The best 'rationalisation' around time travel I have come across is the idea that, if you move back in time, you end up in a new universe. If you then 'return' to the present, it is not your original present. That way all paradoxes are ironed out.

Of course, all this is wild speculation. In science, empiricism rules.
 
You may have a point there Skeptical, it goes beyond my meagre knowledge of physics though and does seem counter-intuitive but then so much of modern physics is pretty counter-intutitive so maybe that's a good indication it is correct. That's getting kind of like one of those if he knows I know he knows.... sort of things isn't it!

And I just love the way some of these kinds of threads can morph through different areas :)
 
Just because one moves through time and space, that doesn't mean that there's any sort of coordination, let alone the complex one which has to take account of the movement of planets, stars, galaxies and galactic groups.

Apart from anything else, who or what provides that coordination? And if they exist, why can't they keep drivers, for instance, from drifting out of their lane on multi-lane roads (which is no more silly than keeping some random time machine in the correct spot on a planet and possibly a lot more useful)?
 
Nothing will come of nothing.

-King Lear Act I, Scene I

I know this doesn't add to the discussion. I just wanted to look all cultured and stuff.

I'll second Vertigo - you do indeed look a higly cultured gent :) especially the hair.


Closer to the topic - I need a coffee before I attempt to re-read this thread and make sense of it all:eek:. I tend to think that time travel - at a macro level is impossible.
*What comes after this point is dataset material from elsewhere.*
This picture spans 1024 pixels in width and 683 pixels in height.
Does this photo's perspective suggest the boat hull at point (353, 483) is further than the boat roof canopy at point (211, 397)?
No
Sending particles back in time though - I could maybe see that happening.
 
Oh dear oh dear oh dear, as someone's avatar might once have said ....
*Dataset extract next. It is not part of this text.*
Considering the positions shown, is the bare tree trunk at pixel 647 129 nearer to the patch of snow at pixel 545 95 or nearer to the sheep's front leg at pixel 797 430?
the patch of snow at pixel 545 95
Time isn't really that mysterious. All of spacetime includes all of history, past and present. To go from one point in time to another is as easy as from one place to another. We just haven't figured out how to get onto that path yet.

Yes, Ursa, if time travel were as Wells described it, the traveller would appear, throughout his journey, to be moving incredibly, incredibly slowly. If, however, time is to be treated as a dimension (direction) it would be possible to step outside of this spacetime into time and back into spacetime again.

Simple, really.
 
LOL :D

I never even thought of that :D





Well, I've done a huge amount of thinking about this time thingummy, and sometimes it's so difficult say anything without saying everything that I end up saying nothing.

This links in with what I was saying about the Universe, how immensely huge it is in all directions, and how time is just one more of those directions (though I suspect it may actually be three more of those directions, but if I explain why I'll need another thread). So taking that tautologically huge vastness as read, Time becomes another direction, quite possibly away from space altogether.

The only evidence we have for time shows it moving in one direction only, from a past towards a future. But even saying it is moving is a bit tricky. We know we are aging, not getting younger, we know that things are decaying not repairing. So which is actually moving: Time or Us? (I'm still working on an answer to this one, sorry) From our evidence for one direction: Forwards; we extrapolate another: Backwards. Which is still only one dimension, isn't it? But how does one move in time? All we know is that we move with time in the direction it flows. But where is our evidence for that? In our memory. We recall a moment past, not one from the future (except in exceptional circumstances which would require yet another thread to discuss properly). So we accept, by consensus of experience, that we are moving forwards within, and with, time.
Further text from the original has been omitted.